With the number of off-highway vehicles in Utah reaching an all-time high, Utah State Parks and Recreation staff remind riders to play it safe. All too often, an enjoyable day of recreating in Utah's mountains, deserts or other areas ends in tragedy because of an accident or injury on an all terrain vehicle or motorcycle.

Eric Stucki, off highway vehicle education specialist with the state parks division, encourages riders of all ages to get appropriate education before venturing out on a ride.

"The vast majority of riders have never taken an education course," reports Stucki. "This is the single biggest contributor to accidents in the state."

According to a recent survey, 78 percent of off highway vehicle accident victims reported having had no formal training in off-highway vehicle operation.

Stucki suggests riders, regardless of age, enroll in one of many training courses available throughout the state.

These courses are required for youth ages eight to 16 who want to ride on public land.

Since 1987, the state parks division has offered training for young riders.

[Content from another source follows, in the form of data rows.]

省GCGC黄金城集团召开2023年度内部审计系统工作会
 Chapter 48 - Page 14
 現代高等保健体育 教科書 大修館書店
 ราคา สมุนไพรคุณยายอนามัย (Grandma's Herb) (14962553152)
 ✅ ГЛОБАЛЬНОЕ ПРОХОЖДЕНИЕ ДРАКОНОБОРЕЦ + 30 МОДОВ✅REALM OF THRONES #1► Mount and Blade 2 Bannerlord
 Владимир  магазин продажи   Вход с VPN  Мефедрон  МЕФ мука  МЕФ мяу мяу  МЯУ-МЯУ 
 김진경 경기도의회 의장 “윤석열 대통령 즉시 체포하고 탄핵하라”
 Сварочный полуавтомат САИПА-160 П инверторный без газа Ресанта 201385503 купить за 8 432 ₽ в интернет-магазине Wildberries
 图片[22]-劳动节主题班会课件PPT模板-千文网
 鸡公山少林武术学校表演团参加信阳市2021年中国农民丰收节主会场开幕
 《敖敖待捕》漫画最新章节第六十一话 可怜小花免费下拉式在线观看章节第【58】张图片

Statistically, trained operators are significantly under represented in accident statistics.

For example, in 2002, Utah state park rangers investigated 168 off highway vehicle accidents.

Of those, 188 victims, 18 percent were under 16 years old, and only nine of those completed the division's training program.

Nationally, the Consumer Product Safety Commission reports nearly 40 percent of all all terrain vehicle accident victims are children under16 years old.

"We definitely feel our emphasis on education, coupled with parental supervision, has made a difference," stated Stucki.